In its place, a doctor must philosophically decide if she or he is to become a (1) discount, (2) service or (3) value-added provider, and then aggressively pursue this business cultural and competitive strategy. 

Here is the lowdown on three strategic competitive philosophical types: 

The Service Provider:  

A provider committed to a service philosophy must be willing to do whatever it takes to satisfy the patient. 

For example, this may mean providing weekend, weeknight, or holiday office hours, instead of a routine 9-5 schedule. House calls, hospital visits, prison calls and nursing home rounds would be included in this operational model.  

In 2001, the number of physician house calls billed to Medicare in the aggregate was about 1.5 million annually, according to the American Association of Home Care Physicians. Since then it has doubled, and the national organization is getting more requests from doctors about house calls. Current membership stands at about 1,500 doctors.  The Medicare premium for home visits is about 1.5 times what it pays for office visits. 

In a real life example, Dr. Keri Miller DO, now an assistant professor of family and community medicine at the University of Georgia, School of Osteopathic Medicine, first began making house calls shortly after beginning practice, in 2003.  

In another example, high-tech companies, located in Silicon Valley and Southern California are even importing medical specialists, and mobile treatment facilities, onto their corporate campuses to care for workers. Children, elderly patients or those with mental, physical or chemically induced challenges are all fertile niches of a core service philosophy.  

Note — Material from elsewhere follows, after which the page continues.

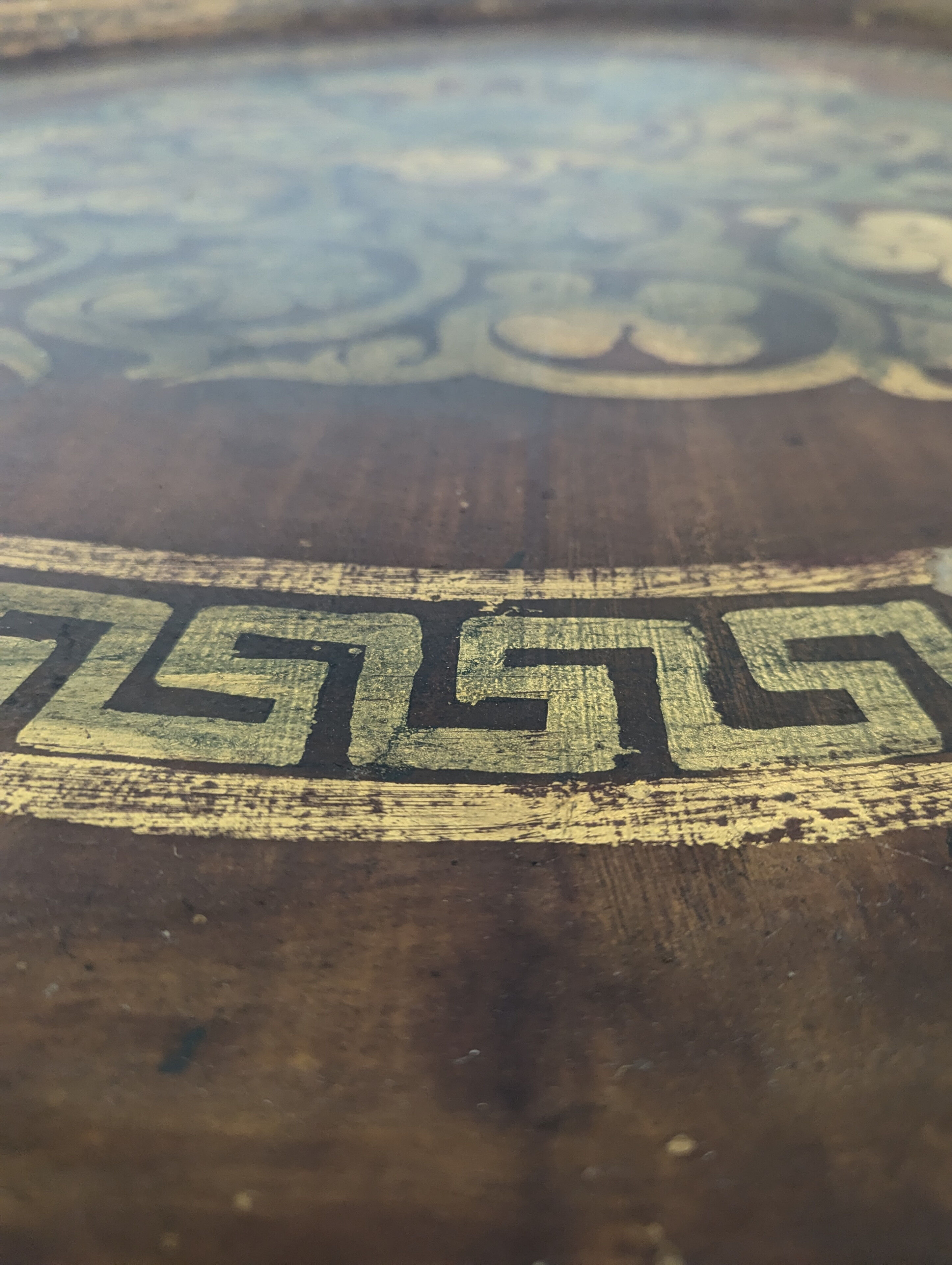 Moroccan table with painted sheet metal top and mother-of-pearl inlay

Up to about 30% of all medical providers today; and slowly growing  

Think: Nordstrums, Cartier and Sak’s, etc. 

The Discount Provider:  

A discount medical provider is one who has made a conscious effort to practice low cost, but high volume medicine.   

For example, discount providers must depend on economics of scale to purchase bulk supplies, since this model is ideal for multi-doctor practices. 

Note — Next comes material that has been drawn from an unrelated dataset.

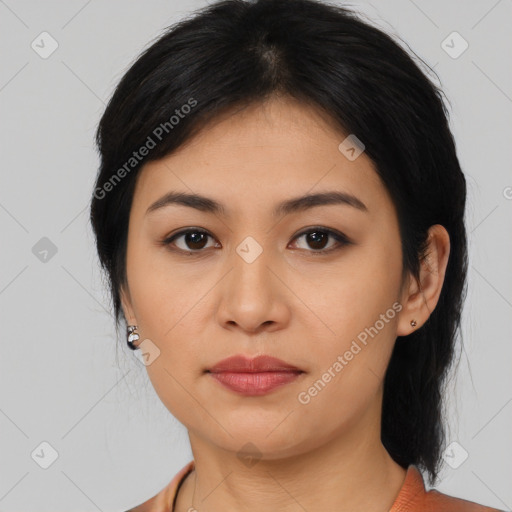 Joyful latino young-adult female with medium  black hair and brown eyes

Otherwise, several practitioners must establish a network, or synergy to create a virtual organization to do so.  In this manner, malpractice insurance, major equipment and other recurring purchases can be negotiated for the best price.  Para-professional, and non-professional, medical care extenders and substitutes must also be used in place of more costly medical providers.

Another major commitment must be made to computerized office automation devices, HIT, EMRs, CPOE systems, etc.  By necessity, such as offices are small, neatly but sparsely furnished, with functional and utilitarian assets.  Most all managed care contracts just be aggressively sought since patient flow and volume is the key to success in this competitive philosophical type. 

About 60% of all providers today; but the denouement has begun.  

Think: WalMart, K-Mart, Office-Deport, or Home Depot, etc. 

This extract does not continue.